In the records below, find the line with "鹿岛鹿角战胜对手,实现三连胜 鹿岛鹿角战胜对手,实现三连胜" and repeat exactly every line from it through the line with "Bond Maintenance Clarifying". Pictures stay out.

Data supplied ::
_ _ _ _ _

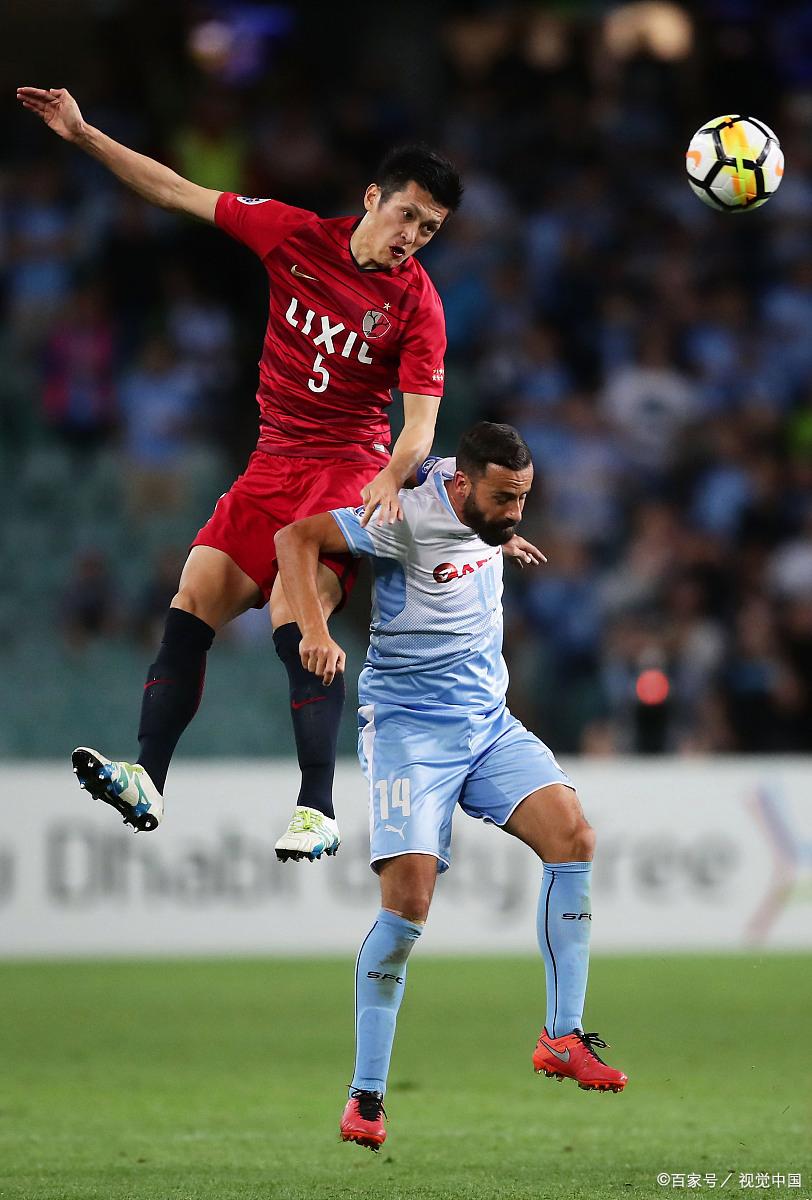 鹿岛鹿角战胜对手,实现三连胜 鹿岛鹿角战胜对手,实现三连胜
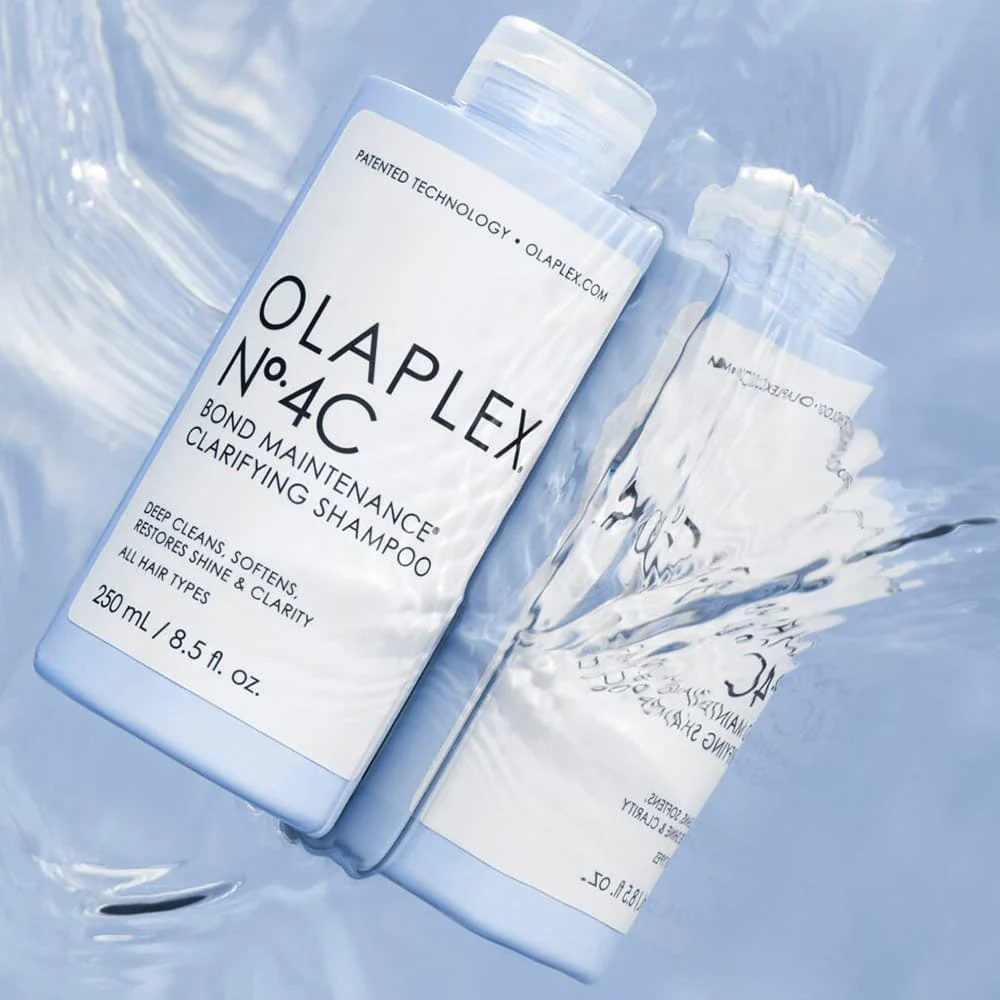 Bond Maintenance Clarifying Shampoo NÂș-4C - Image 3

_ _ _ _ _

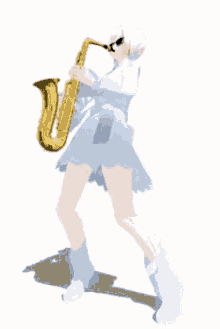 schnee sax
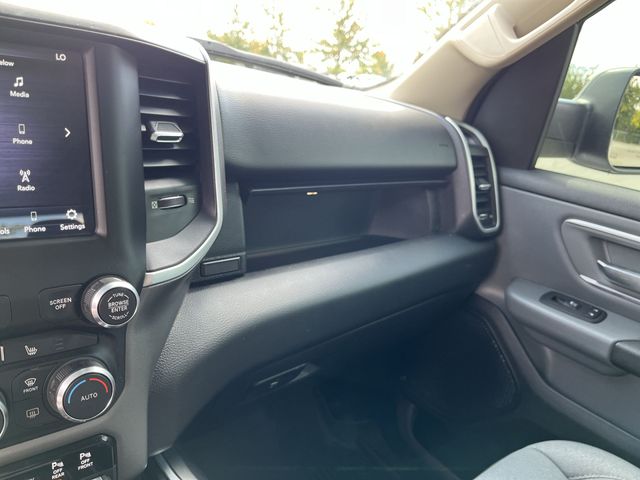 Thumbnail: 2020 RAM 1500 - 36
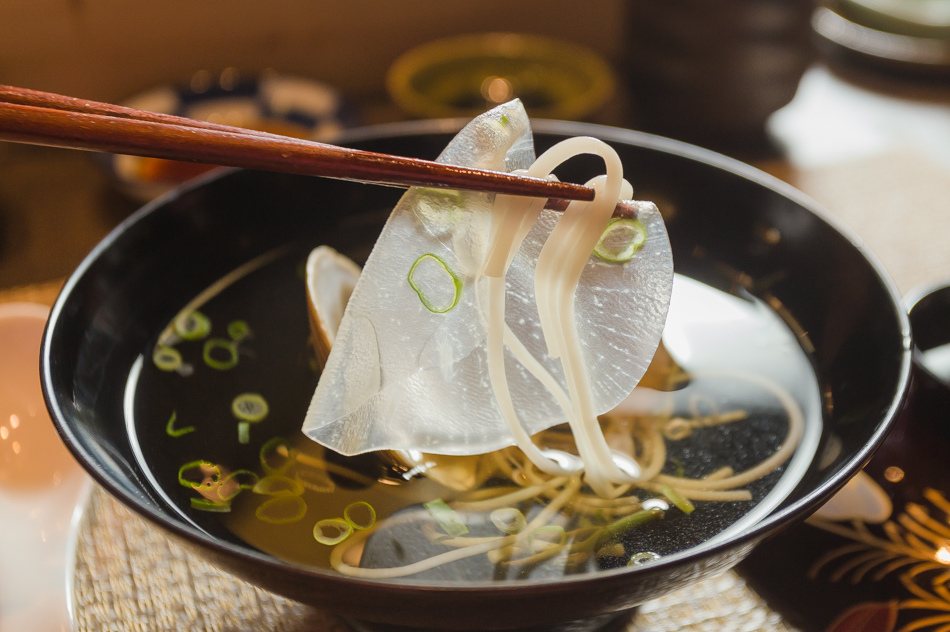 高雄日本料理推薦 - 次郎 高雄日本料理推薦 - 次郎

_ _ _ _ _

Task response ::
 鹿岛鹿角战胜对手,实现三连胜 鹿岛鹿角战胜对手,实现三连胜
 Bond Maintenance Clarifying Shampoo NÂș-4C - Image 3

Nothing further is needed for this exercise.